Tuesday, November 30, 2010

A Perspective On Darkness

I just loathe the way darkness is portrayed in popular culture and the media. Everywhere you look it relates to how to get out of it, how to avoid it, how terrible it is, or it is simply relegated to the musical genres of death, thrash, black and doom metal or to films and books of the horror genre. To be honest though, I'm not sure what I'm trying to do with it. It's just that something tells me this world needs to realign its thinking of it before we neurotically self-destruct through capitalist-induced consumerism, self-induced ambivalence, religiously-induced righteousness, or massively overdose on a collectively-induced ingestion of fluffy goodness.

After seeing the documentary Until The Light Takes Us I got a new perspective on how I think about it. One of the interviews in that documentary was done with former black metal artist Varg Vikernes of Burzum (he now denounces any affiliation with the genre of black metal although he continues to write music using the name Burzum).

He spoke to the film-maker from a prison in Norway where, at the time, he was serving a 21 sentence for murdering a fellow musician and former friend Øystein Aarseth, of Norwegian Black Metal band Mayhem, back in 1993. The Norwegian black metal movement of the late eighties and early nineties created a lot of mayhem (haha yes a pun) and resulted in multiple church burnings, murder and suicide. The music was dark and expressed in such a way as to scream for the destruction they craved. He claims never to have been into violence for the sake of violence. He describes the general ambience of violence in terms of needing to destroy something before something new can replace it.

His words gave me hope because I've never been a fan of violence or black metal in general and I've never subscribed to death and darkness for the sake of destruction or evil and I'm relieved to hear that somebody out there has the same idea of it as I have always had. I only wish I liked black metal music more than I do. It would be sympathetic to my thinking.

However, in the major arcana of the tarot there is a great example of how darkness and violence can be beneficial. Card 16 The Tower, is a tower built of our illusions and when lightning strikes this tower it falls to the ground and our perception, our foundation of beliefs fall along with it. It can be terribly tragic and destructive when it happens to us personally, but at the same time a new way is paved to realign our thinking in a less precarious way.

Kind of smacks of September 11, 2001 doesn't it? But this is not darkness. This is a lack of darkness being manifest as religiously-induced righteousness. The real darkness would be the stuff of understanding for the differences in human beings buried beneath the insanity of riotous behaviour by the Muslim extremists responsible for the attack.

I wish the world would stop trying to make things light and accept what is floating around in the darkness as part of who we are, listen to it, take responsibility for our own actions, and blame no one. It is what it is.

The tarot image above is from the Victoria Regina tarot published by Llewellyn Worldwide, now out of print.

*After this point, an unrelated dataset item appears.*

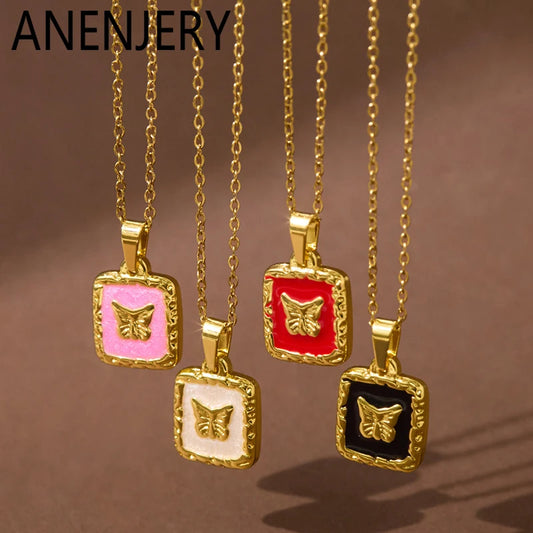 ANENJERY 316L Stainless Steel Butterfly Square Card Pendant Necklace For Women Simple Clavicle chain Elegant Jewelry Gifts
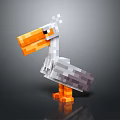 Cute Pixel Art Pelican Character With Orange Beak And Gray Body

Christopher Courtley said...

Konstantinos, in his book "Nocturnal Witchcraft", suggests a model in the form of an equal armed cross, in which the vertical bar represents the good/evil dichotomy and the horizontal the light/darkness. In theory, we all fall into one of the quadrants; there is good dark & evil dark, and there is good light & evil light. I like this model. Though it is somewhat simplistic, it is useful for explaining to others that 'dark' does not necessarily equal 'evil', nor does 'light' always equal 'good'.

Ms Corpse Cafe said...

I'll take a look at that book. Thank you.

Vincent said...

I'm with ya, sister. I agree that too much emphasis is placed on separating good from evil, light from dark, positive from negative, etc. I think it's vital for humanity to accept the fact that you can never hope to know the whole truth when you're constantly trying to rip it apart and reshape it.

On a personal level, I've found what gives me a lot of tolerance and patience for others is keeping in mind the concept that no one is all good or all evil, it's always a fucking mix.

Ms Corpse Cafe said...

Hahaha... yeah a fucking mix and I think there is too much God damned light mixed into the pudding... I'm going to balance that out with as much dark as possible!
Grrrr... blaspheme blaspheme blaspheme argh!